East Riding of Yorkshire Council public health director Andy Kingdom said disruptions could last for a few weeks as outbreaks of infections lead to staff isolation and more patients hospitalized.
He added that he hoped high vaccine booster doses would reduce the number of people needing hospital treatment, but more time was needed to study trends.
It comes as 6,385 new cases of coronavirus were recorded in the East Riding from Tuesday, December 28 to Monday, January 3, up from 3,364 cases the week before.

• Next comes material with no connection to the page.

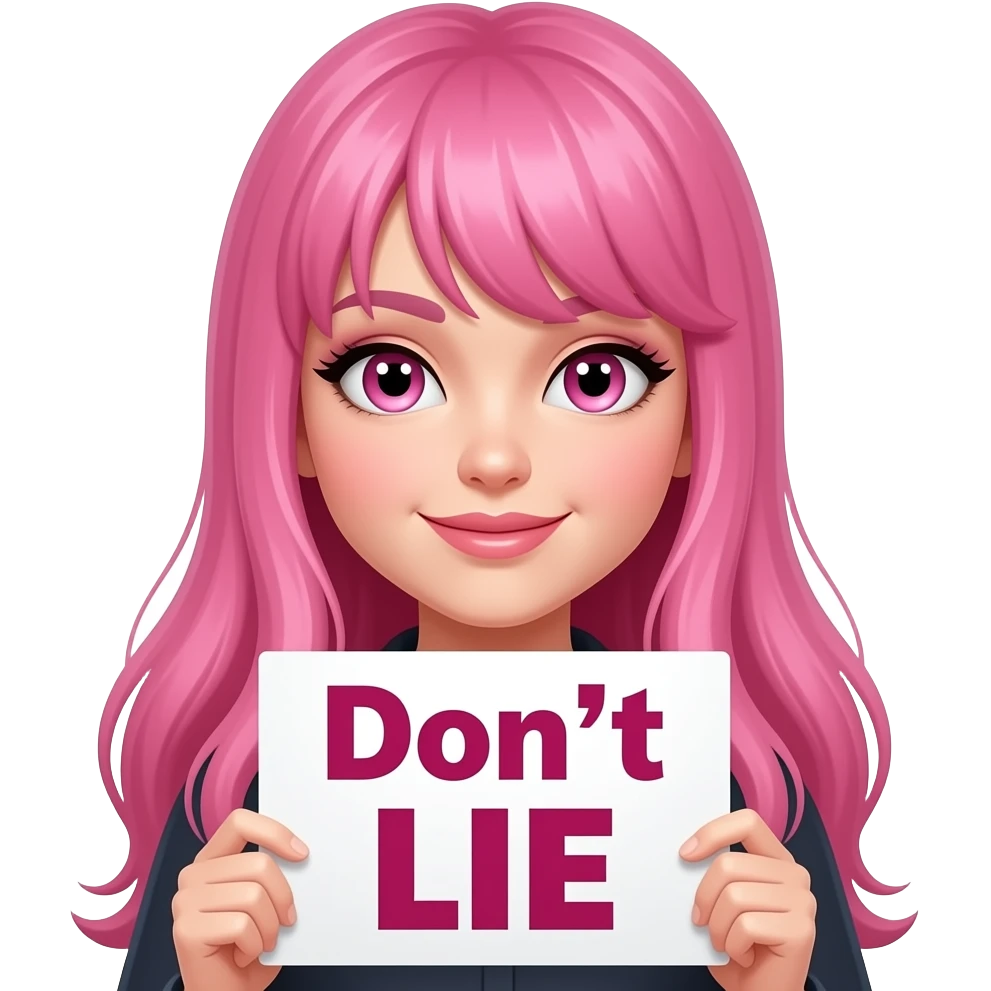 sexy girl with long pink hair and pink eyes holding Don't LIE sign emoji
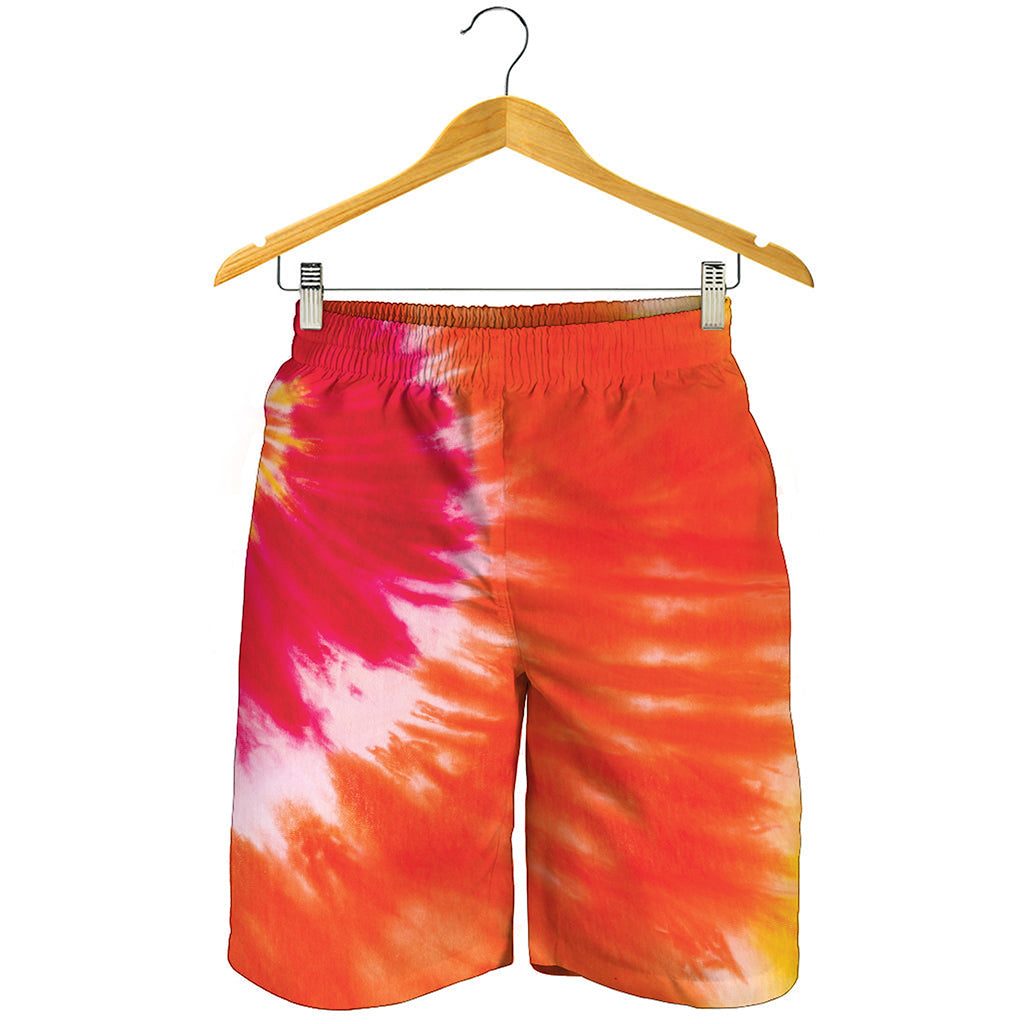 Red Yellow And Orange Tie Dye Print Men's Shorts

The mobile infection rate fell from 980 to 1,860 cases per 100,000 people during the same period.
Mr Kingdom said the increases were even larger among younger age groups, with the rate of working-age adults rising from around 500 to around 2,500 per 100,000.
He added that the rate for school-aged children had increased five to six times over the same period.
Mr Kingdom said: “We have seen a massive increase in infections.
“The question at the moment is whether these new cases turn into hospitalizations or death?
“I’m watching this very closely, as the hope is that having both the shots and the booster will reduce the likelihood of this by about 85%. We already know that having vaccines reduces the risk of people ending up in the hospital, but the problem is, it doesn’t stop people from passing the coronavirus to each other.
“This has consequences that we are seeing with the staff not only in hospitals but in all the sectors that support them, it is the pressure that is on the system right now. I expect this wave of infections to be short and sharp, but it could do a lot of damage.
“And the problem is, because it takes about a month between catching the coronavirus and needing hospital treatment in the worst cases, we won’t see the impact of the New Year’s increases until the end of January.
“There is also the problem of the scale of infections, if we get 1,000 new cases a day, even if only 2% of people get seriously ill, it will increase the number of hospital patients.
“The NHS has already been under pressure this winter and every coronavirus patient taking a bed is one less bed that can be given to someone coming to A&E for example.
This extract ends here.